Why you should give away your work for free... Don't listen. If you make something and want to share it with others, do so. But do it because you want to, not because some blog post guilt trips you into it.
I don't see how the blog guilt trips anyone. I, instead, see very well constructed points on why one should consider contributing to open-source.
Mozilla, famously, open sources all of its code but more importantly dedicates all its trivial code to the public domain. If most competent developers / organization at the very least followed such a line of policy, think of the learning that could entail, technological advances that could be turbo-charged, all the duplicated work that could be avoided.
This isn't a hot-take by any measure. Examples of enormous impact of FOSS are right in front of us: More developers doing so only adds to this amazing ecosystem.
The blog post gives examples of how one can benefit from contributing to open source projects, e.g. "You can learn a lot from the source code" and "it can be very rewarding to see your own code helping so many people."

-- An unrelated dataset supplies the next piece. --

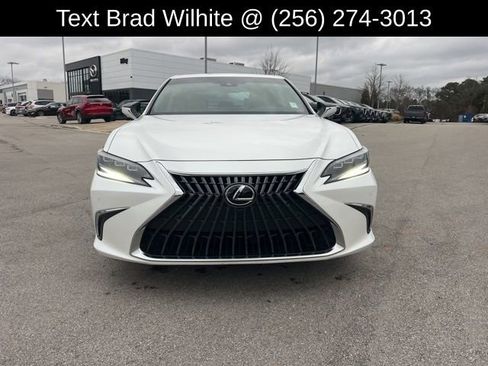 Used 2025 Lexus ES 300h Ultra Luxury image 2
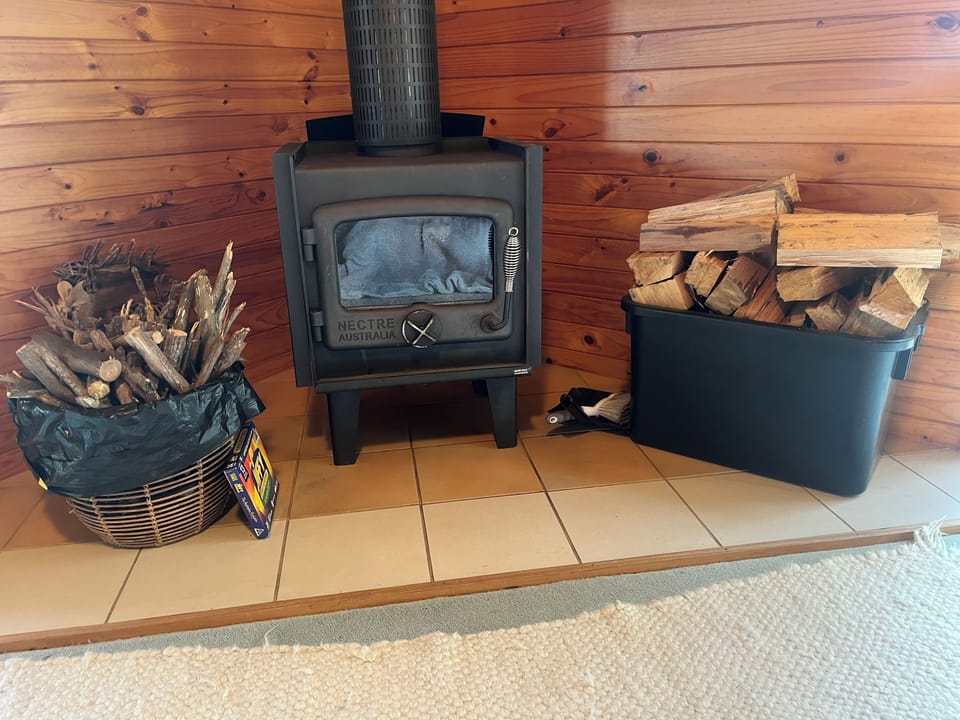 Choose the convenient r/c air con or relax by the warm, cosy fire.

Reminds of that meme that I can't find now:
It shows how every open source proponent dreams how many people collaborate as a group on the project.
In reality it's just one guy that makes 99.9% of all commits and without him the project wouldn't even exist, everyone else is insignificant and irrelevant to the project.
yes, but when he gets fed up of it, that project can be forked and the cycle can continue.
I'm not sure to follow your comment: are you doubting the model? or the results?
Yes, but at least it is an activity that actually contributes to something and may provide a learning opportunity if you don't have a natural direction for your creativity.
I can think of an enormous corpus of things that does not contribute to anything in any way -- like watching sports ;)
Hardly.
Tons of projects needs documentation, translation, website/wiki updates etc.
Even a simple thing as triaging bugs is very important and contributes to the project, and is an excellent way to learn the codebase of you're a coder.
But the most important thing you need as a new contributor is patience. Submission reviews take time so does learning, eventually your contribution will be a part of the project.
For me there is legal uncertainty if my work contract (with the applicable laws) actually allow me to contribute. I do not want to ask my boss for permission nor do I want to pay a lawyer. What would really help is an overview with if the general legaslative framework of a country with the common work contracts (for software devs) permit open source contributions. Well maybe my proble is unique, but maybe more ppl would just test the waters if it were clear.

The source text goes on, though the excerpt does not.